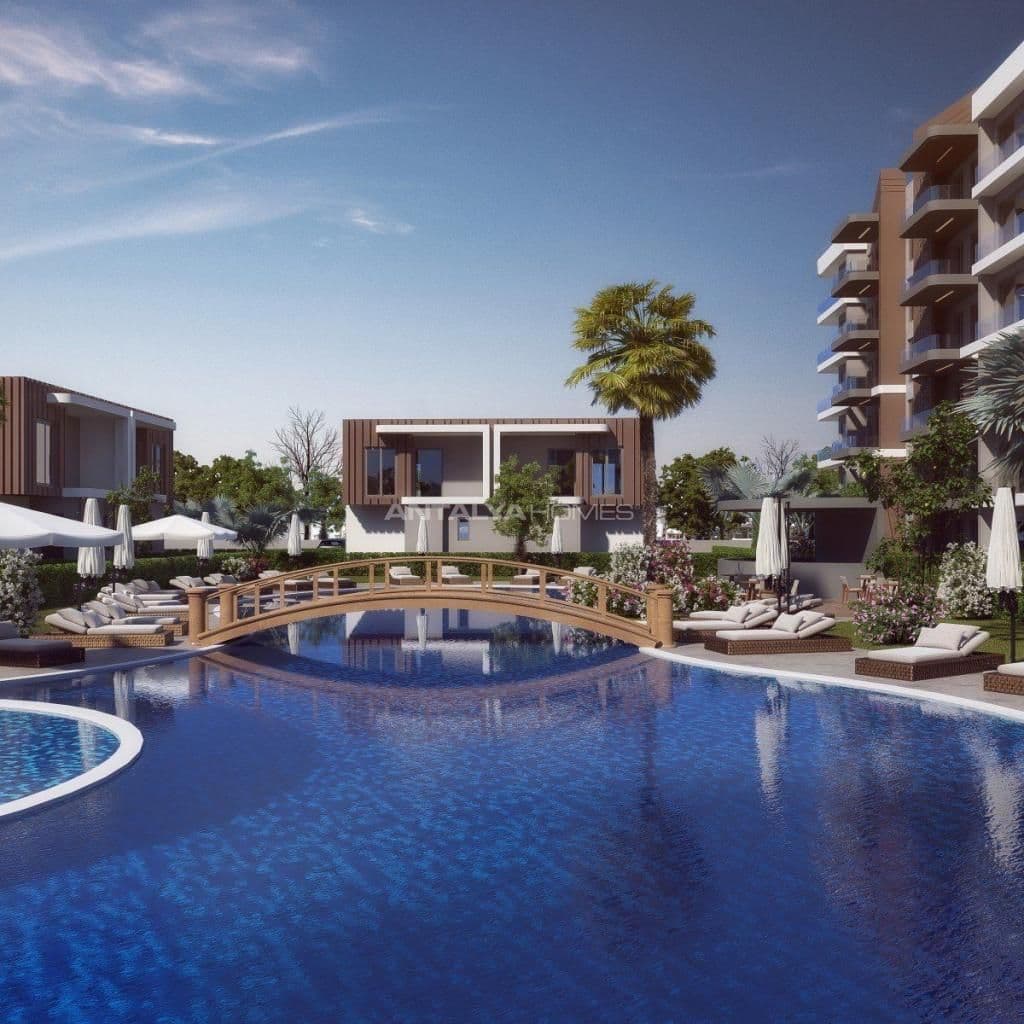 Апартаменты в Анталии, Турция, 72 м², фото 2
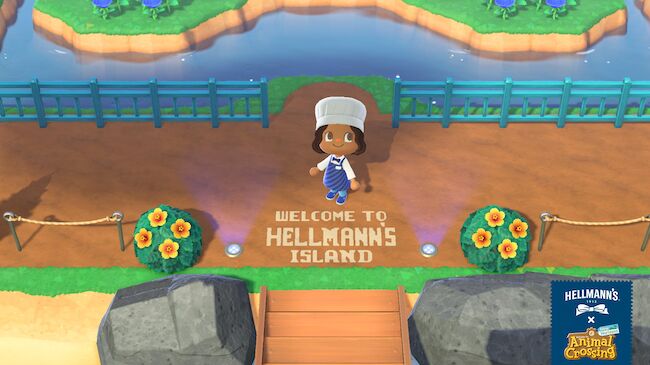 Condiment-Themed Virtual Islands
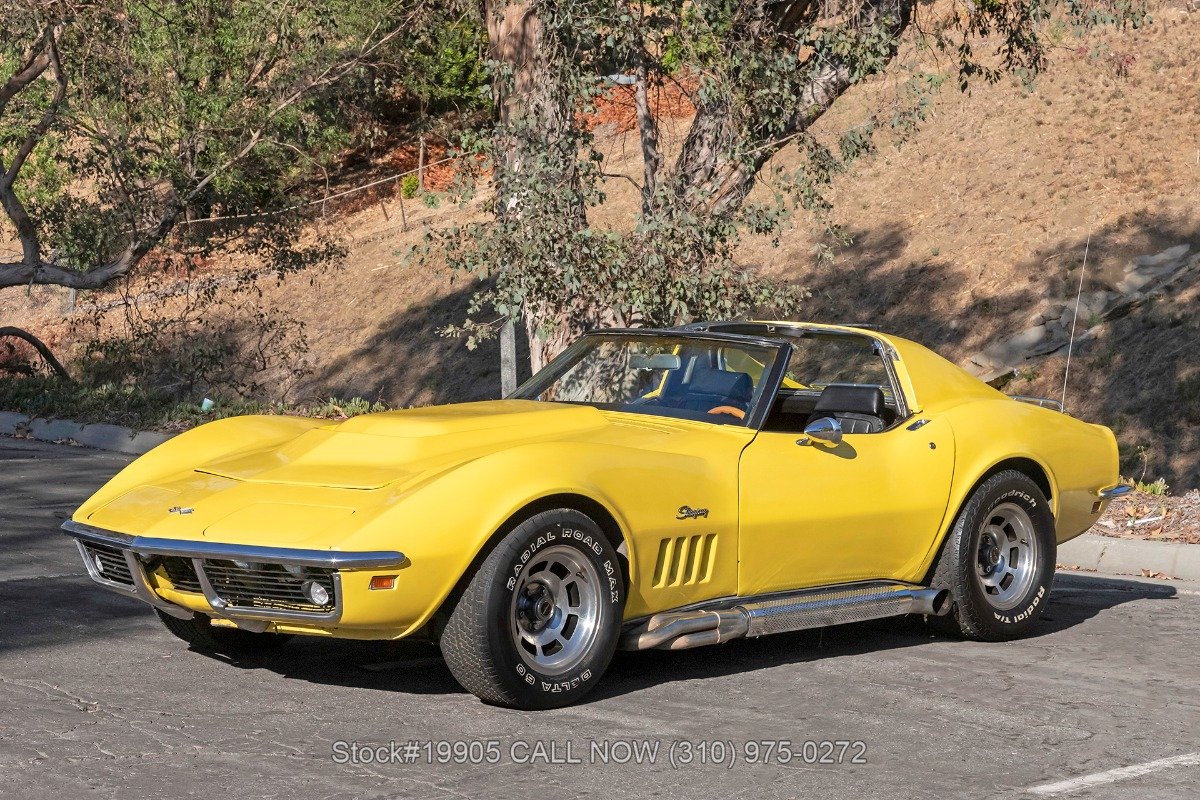 1969 Chevrolet Corvette - T-Top 4-Speed, foto 8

■ Activity: Type the material out again exactly. Skip the pictures.

■ Task response:
 Апартаменты в Анталии, Турция, 72 м², фото 2
 Condiment-Themed Virtual Islands
 1969 Chevrolet Corvette - T-Top 4-Speed, foto 8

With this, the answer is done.